I think this position is called moral relativism or something.


Yes. If you are supposing that morality is extrapolated from one's experience (i.e exposure to parents, culture, church, blah blah) then you are supposing everyone's "relative" morality to be true for them. This is problematic because it then would follow that everyone's own moral code is correct because there is no objective measure to deride one as "wrong"... of course this is logically impossible since essentially EVERYONE will disagree with EVERYONE ELSE on some point or another. A position can not be both right and wrong (right for them, wrong for you) at the same time. The argument falls apart on itself. If say, Parent X agrees with A and Parent Y agrees with B, the antithesis of A; and you follow B, are you not rejecting A as wrong? This is no longer moral relativism if you hold that A can be wrong (even if its just for you).

If you are supposing morality to be synthesized by the individual from "experience" by way of influence... why did you not simply adopt ALL of their moral inclinations? Firstly, it is impossible as I have explained in the first paragraph.
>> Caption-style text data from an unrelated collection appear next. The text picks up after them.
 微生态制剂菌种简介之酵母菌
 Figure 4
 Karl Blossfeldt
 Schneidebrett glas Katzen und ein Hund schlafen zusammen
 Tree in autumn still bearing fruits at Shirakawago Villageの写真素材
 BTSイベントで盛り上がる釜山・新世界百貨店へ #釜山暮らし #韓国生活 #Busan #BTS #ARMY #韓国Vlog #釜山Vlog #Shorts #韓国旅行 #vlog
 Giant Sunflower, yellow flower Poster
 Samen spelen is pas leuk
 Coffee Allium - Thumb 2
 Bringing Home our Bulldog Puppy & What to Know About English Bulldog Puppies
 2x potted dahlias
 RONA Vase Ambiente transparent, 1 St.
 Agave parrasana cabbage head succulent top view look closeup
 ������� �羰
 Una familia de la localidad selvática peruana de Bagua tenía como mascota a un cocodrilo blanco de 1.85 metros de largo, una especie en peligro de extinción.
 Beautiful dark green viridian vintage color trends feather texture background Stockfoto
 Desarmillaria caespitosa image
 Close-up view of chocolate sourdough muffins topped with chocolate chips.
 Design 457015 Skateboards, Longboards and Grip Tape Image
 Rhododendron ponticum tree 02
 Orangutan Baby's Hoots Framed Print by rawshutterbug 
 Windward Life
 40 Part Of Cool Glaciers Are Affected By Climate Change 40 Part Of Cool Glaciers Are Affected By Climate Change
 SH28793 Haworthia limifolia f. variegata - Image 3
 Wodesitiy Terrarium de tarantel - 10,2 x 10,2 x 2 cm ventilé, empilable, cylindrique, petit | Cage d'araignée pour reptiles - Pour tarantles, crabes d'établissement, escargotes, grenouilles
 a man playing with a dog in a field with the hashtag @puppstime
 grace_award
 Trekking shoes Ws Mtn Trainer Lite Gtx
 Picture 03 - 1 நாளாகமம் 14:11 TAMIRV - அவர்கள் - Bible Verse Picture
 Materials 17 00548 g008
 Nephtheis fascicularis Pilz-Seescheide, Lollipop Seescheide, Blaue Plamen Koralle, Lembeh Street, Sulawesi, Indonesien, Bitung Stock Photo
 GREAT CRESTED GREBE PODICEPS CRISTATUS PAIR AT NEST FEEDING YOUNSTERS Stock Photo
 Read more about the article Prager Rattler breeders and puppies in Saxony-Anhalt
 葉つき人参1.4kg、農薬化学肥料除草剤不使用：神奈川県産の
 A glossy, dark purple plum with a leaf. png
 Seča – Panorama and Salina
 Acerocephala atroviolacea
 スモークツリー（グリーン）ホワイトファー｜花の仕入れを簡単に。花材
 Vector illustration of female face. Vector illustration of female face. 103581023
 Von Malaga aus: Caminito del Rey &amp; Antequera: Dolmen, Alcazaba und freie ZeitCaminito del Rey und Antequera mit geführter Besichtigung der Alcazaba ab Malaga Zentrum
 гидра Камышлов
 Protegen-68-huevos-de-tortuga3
Secondly by the act of choosing some and rejecting others, you have acknowledged moral intuition (your rationale for favoring one over another).


Originally Posted by lightyear
So here we go, if you consider 'the greater good' or 'the right thing' to exist please explain how you rationalize this belief.

Just because people disagree on the nature of morality or do not arrive at an universal code does not follow that it cannot exist.